If the morning daily newspaper is an endangered species, then the evening paper shuffled off to extinction many years ago. Now Cowles Co., which owns The Spokesman-Review in Spokane, Washington, is bringing it back.

Not really, and I’ll get to that in a moment. But first a little background.

Evening papers were dominant back when factory work was the way that tens of millions of Americans made their living. You’d work from 7 a.m. to 3 p.m., come home and read the evening paper. Later, as we shifted to more of a white-collar, 9-to-5 culture, morning papers became the primary distribution vehicle for newspaper journalism. Evening papers faded away, and eventually few, if any, remained. The Boston Evening Globe, for instance, stopped publishing in 1979.

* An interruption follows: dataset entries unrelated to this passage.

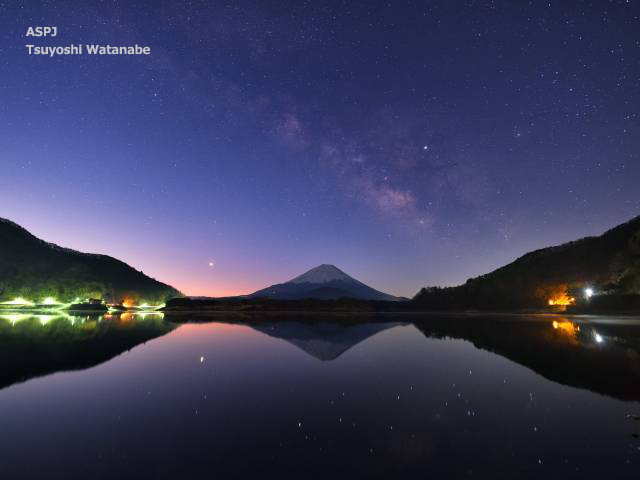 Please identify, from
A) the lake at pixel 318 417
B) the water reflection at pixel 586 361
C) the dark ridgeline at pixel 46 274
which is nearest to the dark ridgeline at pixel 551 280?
the water reflection at pixel 586 361

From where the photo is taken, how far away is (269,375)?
14.1 metres

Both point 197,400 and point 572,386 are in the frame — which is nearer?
point 197,400

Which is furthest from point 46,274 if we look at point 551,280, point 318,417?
point 551,280

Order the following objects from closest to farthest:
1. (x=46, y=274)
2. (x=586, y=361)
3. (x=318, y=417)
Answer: (x=318, y=417)
(x=586, y=361)
(x=46, y=274)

Today, of course, the news cycle is entirely different, with stories posted online around the clock, sometimes not to show up in print until days later — if ever.

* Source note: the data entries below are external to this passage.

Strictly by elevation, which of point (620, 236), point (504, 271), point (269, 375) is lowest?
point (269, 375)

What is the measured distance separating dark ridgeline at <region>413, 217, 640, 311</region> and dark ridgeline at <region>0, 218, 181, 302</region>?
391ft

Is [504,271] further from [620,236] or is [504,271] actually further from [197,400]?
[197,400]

Some of us, though, continue to like the day’s paper, whether online or in print. The daily paper represents a curated news report — the considered judgment of the editors as to what the day’s most important news is. Again, to use the Globe as an example, you can access a list of the stories in that day’s print edition (unfortunately, it seems that stuff always gets left out) or read the paper in the form of an e-edition — a PDF of that day’s paper that looks like the print edition. The Globe offers two versions, both so-so.

What The Spokesman-Review has done is revive its old evening paper, the Spokane Daily Chronicle, in the form of an e-edition that’s posted each afternoon. As reported by Kristen Hare of Poynter Online, the idea isn’t to compete with The Spokesman-Review, as it did back before the Chronicle folded in 1992 (even under common ownership); rather, it’s to boost the bottom line and give people who live in the Spokane area another reason to buy a digital subscription or keep the one they’ve already got.

“Our view is the e-edition is the gateway drug to our web presence for traditional readers,” publisher Stacey Cowles told Hare. “If they love it enough, it could help solve our huge manufacturing and distribution cost headache. But additional online pages have to be meaningful to make a difference. More stock listings don’t cut it.”

Added editor Rob Curley: “We were realists on this. It wasn’t about how are we going to make this a bigger pie, it was how are we going to hang on to the pie that we have when we know we’re going to continue to push subscription prices?”

If all this sounds retro, keep in mind that Curley is a pioneer in digital journalism, first at the Naples Daily News in Florida and, in the pre-Jeff Bezos age, at The Washington Post, where he presided over the launch of a digital-only local-news site in Loudoun County, Maryland. I met him in 2015 when I was researching my book “The Return of the Moguls” and Curley was editor of California’s Orange County Register under the ill-fated ownership of Aaron Kushner.

Print and print-like products continue to play an important part in keeping newspapers alive — as in Pittsfield, Massachusetts, where The Berkshire Eagle is actually buying a used printing press in order to boost is color capacity. Someday, newspapers may drop their print editions entirely, or go weekend-only. Until that day comes, though, it makes sense to serve the print-oriented readers who pay the bills.